5) Emmanuelle Auriac est partie tôt, mais je retiens, de ce qu'elle a dit, l'importance afin de vraiment écouter ce que le groupe dit, de s'adapter à la pensée qui naît, à la variété entre des discussions qui sont plus attachées à leur forme, et donc souvent plus formelles, et limitées par leur emprisonnement dans la façon de faire suivie à la lettre et des discussions qui s'en dégagent. Il faudrait suivre l'expression d'idées qui naissent, et, si j'ai bien compris, le faire en se donnant un droit à la fascination commune pour ce qui apparaît. Elle formulait cette idée d'une façon plus liée à l'analyse du langage des participants, mais il s'agissait de la maxime de Lipman de suivre le groupe où il va. Seulement, elle en faisait un élément de méthode en vue d'un progrès : permettre que le progrès advienne parce qu'on écoute quand il pourrait apparaître et on lui donne sa place, en lui permettant de naître puis en se mettant en retrait. Elle rejoignait ainsi l'idée d'adaptation que Michel Tozzi et d'autres avaient exprimée autrement.

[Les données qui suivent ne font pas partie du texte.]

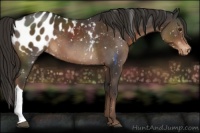 Horse Color:Liver Chestnut Appaloosa 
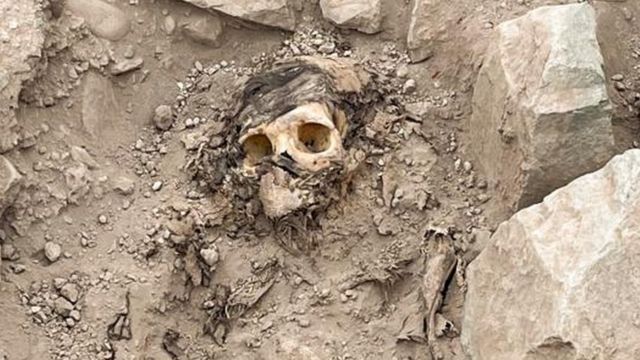 Los restos de una momia, que se cree que pertenece a la cultura Manchay que habitó en los valles de Lima entre 1500 y 1000 a. C., se muestran en el sitio de excavación de un entierro prehispánico, en Lima, Perú, el 14 de junio de 2023.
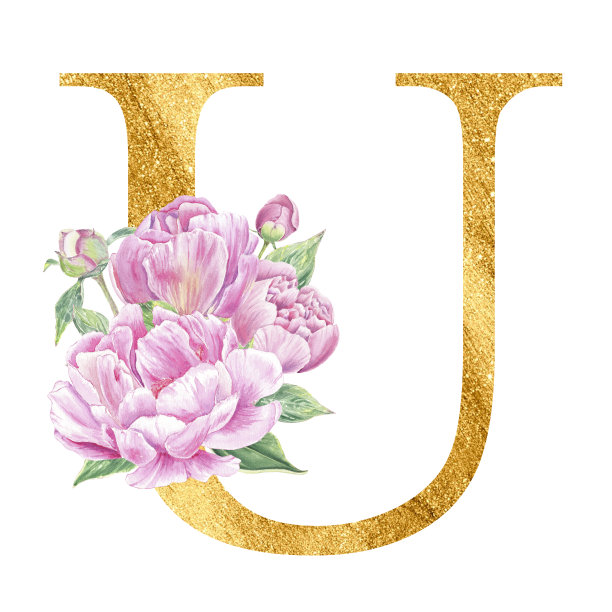 水彩金色英文字母。牡丹属植物蔷薇花枝花束组成。婚礼请柬，婴儿派对，生日贺卡，字母组合，标志。为设计而艺术。白色背景上的字母U图片下载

(1) PEC : Plan d'Etude Cadre. Il s'agit du cadre dans lequel les différentes maturités cantonales se construisent, équivalent du programme en France.

(2) Quand je parle d'observateurs, je parle d'un élément fondamental du dispositif de discussion Tozzi/Delsol/Connac. Le groupe est divisé en deux et les participants discutent ou observent, à tour de rôle.